SECURITIES AND EXCHANGE COMMISSION

Washington, DC 20549

 

FORM 8-K

 

CURRENT REPORT

Pursuant to Section 13 or 15(d) of the

Securities Exchange Act of 1934 

 

Date of report (Date of earliest event reported)   July 15, 2020

 

Hudson Technologies, Inc.

(Exact Name of Registrant as Specified in Charter)
 

New York

(State or Other Jurisdiction of Incorporation)
 

1-13412

13-3641539

(Commission File Number) (IRS Employer Identification No.)

PO Box 1541, 1 Blue Hill Plaza, Pearl River, New York

10965

(Address of Principal Executive Offices) (Zip Code)
 

(845) 735-6000

(Registrant's Telephone Number, Including Area Code)
 

Not Applicable

(Former Name or Former Address, if Changed Since Last Report)
     

Securities registered pursuant to Section 12(b) of the Act:

 

Title of each class Trading Symbols(s) Name of each exchange on which registered
Common Stock, $0.01 par value HDSN Nasdaq Capital Market

 

Check the appropriate box below if the Form 8-K filing is intended to simultaneously satisfy the filing obligation of the registrant under any of the following provisions (see General Instruction A.2. below):

 

¨Written communications pursuant to Rule 425 under the Securities Act (17 CFR 230.425)

 

¨Soliciting material pursuant to Rule 14a-12 under the Exchange Act (17 CFR 240.14a-12)

 

¨Pre-commencement communications pursuant to Rule 14d-2(b) under the Exchange Act (17 CFR 240.14d-2(b))

 

¨Pre-commencement communications pursuant to Rule 13e-4(c) under the Exchange Act (17 CFR 240.13e-4(c))

 

Indicate by check mark whether the registrant is an emerging growth company as defined in Rule 405 of the Securities Act of 1933 (§230.405 of this chapter) or Rule 12b-2 of the Securities Exchange Act of 1934 (§240.12b-2 of this chapter).

 

Emerging growth company ¨

 

If an emerging growth company, indicate by check mark if the registrant has elected not to use the extended transition period for complying with any new or revised financial accounting standards provided pursuant to Section 13(a) of the Exchange Act. ¨

 

 

 

 

  

Item 5.02Departure of Directors or Certain Officers; Election of Directors; Appointment of Certain Officers; Compensatory Arrangements of Certain Officers

 

On July 15, 2020, the Board of Directors of Hudson Technologies, Inc. (the “Company”) appointed Brian F. Coleman, currently the Company’s President and Chief Operating Officer, to the positions of Chairman of the Board, President and Chief Executive Officer. Mr. Coleman had assumed the such executive responsibilities on an interim basis following the passing on June 23, 2020 of Kevin J. Zugibe, the Company’s former Chairman of the Board and Chief Executive Officer.

 

The Company issued a press release with respect to the foregoing which is attached hereto as Exhibit 99.1.

 

Employment Agreement

 

On July 15, 2020, we entered into a Fourth Amended and Restated Agreement dated as of June 24, 2020 with Brian F. Coleman, which amends and restates his existing employment agreement.
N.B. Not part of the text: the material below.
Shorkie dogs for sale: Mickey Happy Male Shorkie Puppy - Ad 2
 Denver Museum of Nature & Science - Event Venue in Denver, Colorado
Pursuant to the restated agreement, Mr. Coleman is serving as our President and Chief Executive Officer and is receiving an annual base salary of $475,000 retroactive to April 1, 2020, with such increases and bonuses as our Board of Directors may determine. The agreement currently expires on June 24, 2022 and is automatically renewable for successive two year terms unless either party gives notice of termination at least ninety days prior to the expiration date of the then current term. In addition, during and after the term of the agreement, we have agreed to pay, grossed up for any taxes owed on such payments, life insurance premiums equal to $71,210 per year for nine years beginning in 2020, with respect to a $1,000,000 whole life insurance policy for the benefit of Mr. Coleman.

 

As part of the agreement, Mr. Coleman has agreed to certain covenants and restrictions, which include an agreement that Mr. Coleman will not compete with us in the United States for a period of twenty-four months after his termination for any reason. The agreement also provides that, in the event of his involuntary separation from Hudson without cause, or in the event he becomes disabled, or in the event of his voluntary separation for a good reason as enumerated in the agreement, Mr. Coleman will receive severance payments, in the form of the continuation of his annual base salary and benefits for a period of twenty-four months, and payment over a twenty four month period of an amount equivalent to 100% of the highest bonus paid to Mr. Coleman in the three years prior to his termination. Furthermore, all stock options, stock appreciation rights, and any similar rights which Mr. Coleman holds on the date of termination of employment shall become fully vested and be exercisable and shall remain exercisable following the termination of employment until (i) expiration of the twenty-four month severance period, (ii) termination of severance benefits due to a breach of the agreement by Mr. Coleman, or (iii) expiration of the original term of the stock option, stock appreciation right or similar right, whichever first occurs.

 

The agreement also provides that severance is triggered under the agreement in the event that the executive’s employment is terminated by us without Cause (as defined) or for any reason by the executive within sixty (60) days following a Fundamental Change (as defined). A “Fundamental Change” is defined to include (a) if the Company or certain of its subsidiaries shall make a general assignment for the benefit of creditors, or a trustee, receiver or liquidator shall be appointed; (b) upon commencement of any proceedings by the Company or certain of its subsidiaries under any bankruptcy, reorganization, or similar law or statute; (c) upon the commencement of the dissolution or liquidation of the Company or certain of its subsidiaries; or a (d) upon a Change in Control (as defined therein).

 

The description of the foregoing agreement does not purport to be complete and is qualified in its entirety by reference to the full text of the agreement which is filed as Exhibit 10.1 to this Report.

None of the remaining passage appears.